Freedom Under Law (FUL) noted on Wednesday that Umkhonto weSizwe Party’s (MKP's) caucus leader in Parliament Dr John Hlophe’s election to the Judicial Service Commission (JSC) is an early test of all the parties forming the Government of National Unity (GNU) to take a position which would ultimately strengthen the credibility of the JSC and the rule of law.
On Tuesday the National Assembly elected Hlophe to the JSC, together with Molapi Lekganyane, Fasiha Hassan, Glynnis Breytenbach, Julius Malema and Athol Trollip, to represent Parliament.
Hlophe was removed from his office as a judge for gross misconduct after it was found that he tried to influence Constitutional Court justices to decide a politically sensitive case in favour of former President and present MK leader Jacob Zuma.
The finding of gross misconduct was made by the JSC and the courts, and Parliament impeached him.
FUL said it would be challenging Hlophe's designation as a member of the JSC on rationality and rule of law grounds.
FUL noted that all parties that did not object to the nomination of Hlophe are, by their silence, implicated in this “egregious” decision.
FUL said it was hard to reconcile the contradictory position of political parties that voted for Hlophe to be removed from judicial office but now voted in favour of his appointment to the JSC.
It argued that an individual who was found to have committed gross misconduct and was removed from judicial office, and who was now in a position to decide on the suitability of other candidates for judicial appointment was “wholly inappropriate, irrational, and susceptible” to legal challenge.
FUL highlighted that the designation of members of the National Assembly to the JSC was not equivalent to assigning members to portfolio committees within the assembly.
“The Constitution requires organs of State to assist and protect the courts to ensure their independence, impartiality, dignity, accessibility, and effectiveness.

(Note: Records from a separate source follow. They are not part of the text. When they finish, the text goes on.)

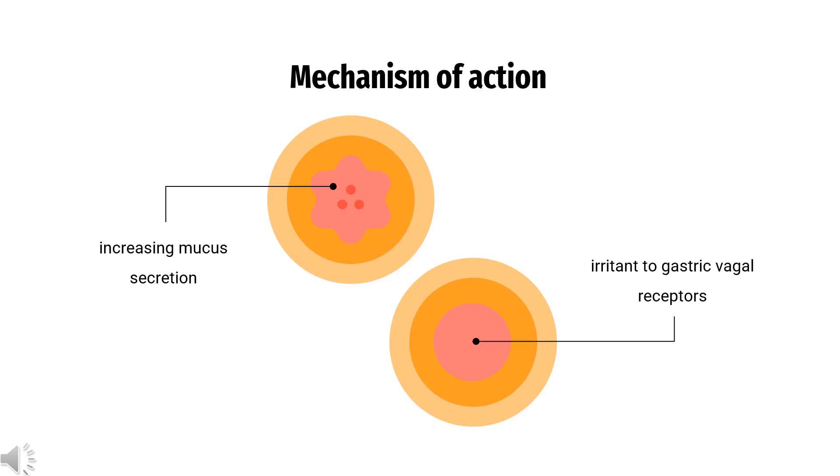Consequently, while it is generally proposed that Guaifenesin functions as an expectorant by helping to loosen phlegm, mucus, and thin bronchial secretions to rid the bronchial passageways of bothersome mucus and make coughs more productive, there has also been research to suggest that Guaifenesin possesses and is able of demonstrating anticonvulsant and muscle relaxant effects to some degree, possibly by acting as an NMDA receptor antagonist.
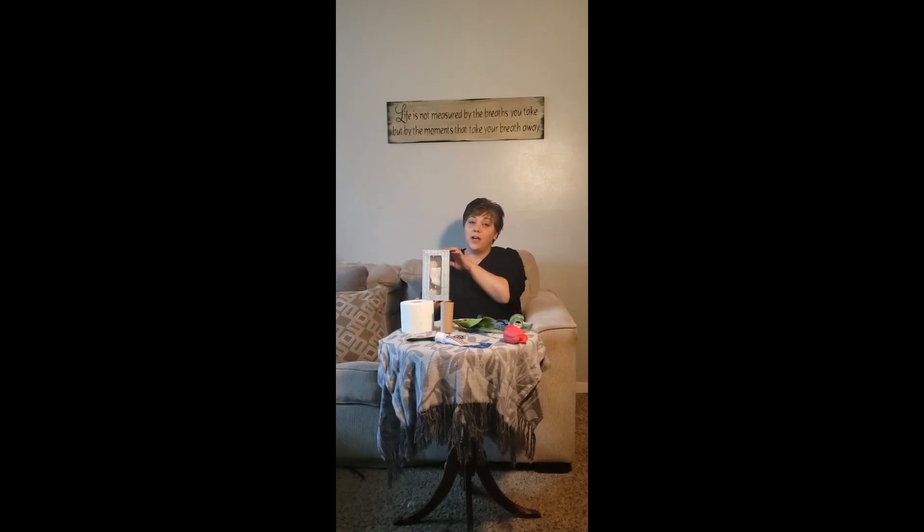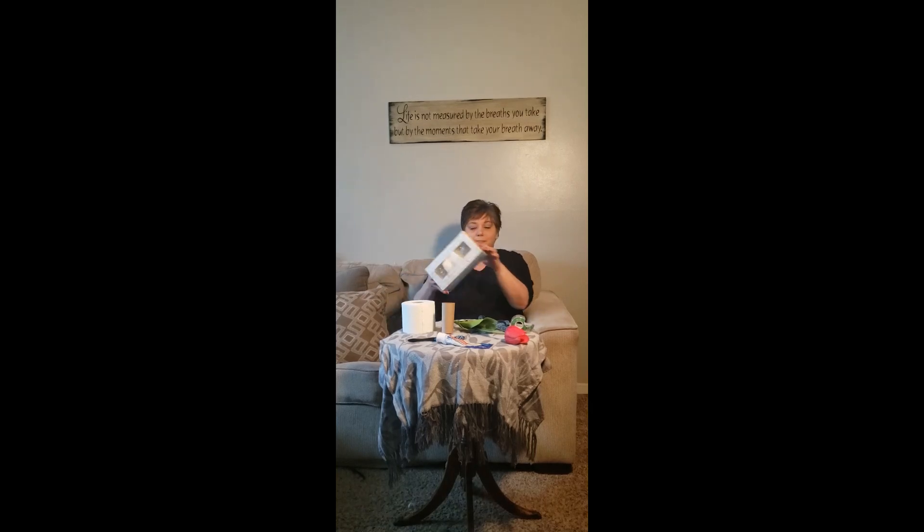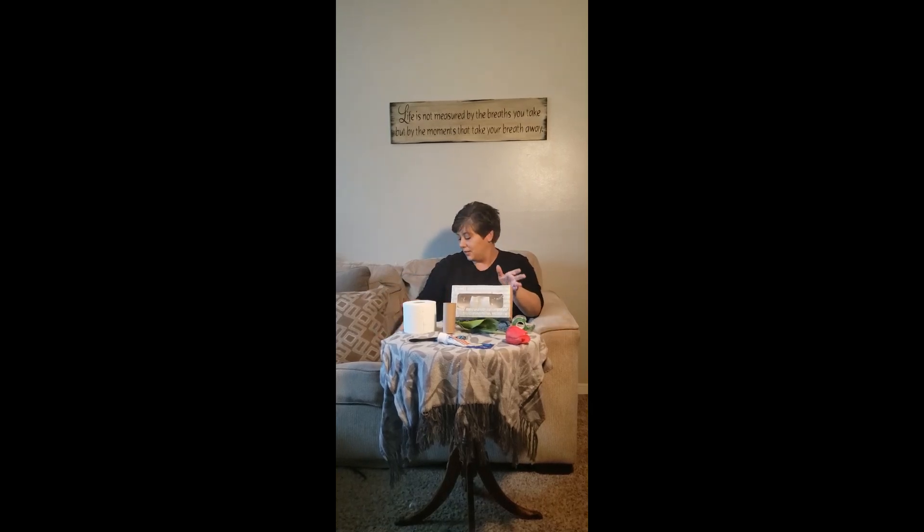Some people may not be feeling well and they can grab some tissues. A fun little thing I found that starts with the letter T is a tie. Does your dad or grandpa or uncle or anybody you know wear a tie?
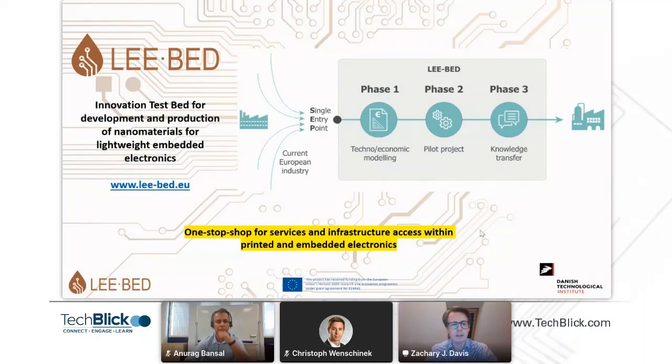LIBED is the innovation test bed for the development and production of nanomaterials for lightweight embedded electronics. Basically, what we're trying to do is develop a one-stop shop for services and infrastructure access within printed and embedded electronics. You can come to us through our synchronization point, and we will provide all the tools, people, expertise, and infrastructure access you need to get your idea to market or integrate new functionalities using printed and embedded electronic technologies.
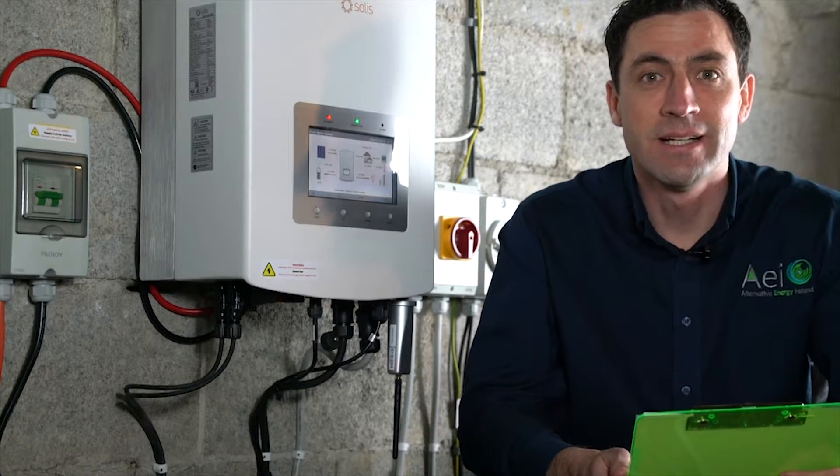Hi, I'm Stephen from AEI and I'm here to give you a quick demo on the solar PV system you just bought from us at AEI.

By designating an individual who has been found unfit to be a judge to the body responsible for the selection of judges, the National Assembly has fallen short of this duty,” it explained.
FW de Klerk Foundation constitutional programmes manager Daniela Ellerbeck said appointing someone found guilty of gross misconduct that led to them being removed as a judge, to the same institution that found them guilty and is responsible for disciplinary proceedings against judges, raises serious questions about whether this crucial institution will be compromised.
"Although Dr Hlophe swore to uphold and respect the law and Constitution as an MP, his impeachment for previous conduct stands in stark contrast to this oath of office. Impeachment is a serious issue," Ellerbeck said.
She highlighted that Hlophe was also a controversial MP, because he was not on the MKP's pre-election candidate list submitted to the Independent Electoral Commission.
Constitutional law experts assert that, because Hlophe was not on the list, his later inclusion and swearing-in as an MP was "illegal and unconstitutional," said Ellerbeck.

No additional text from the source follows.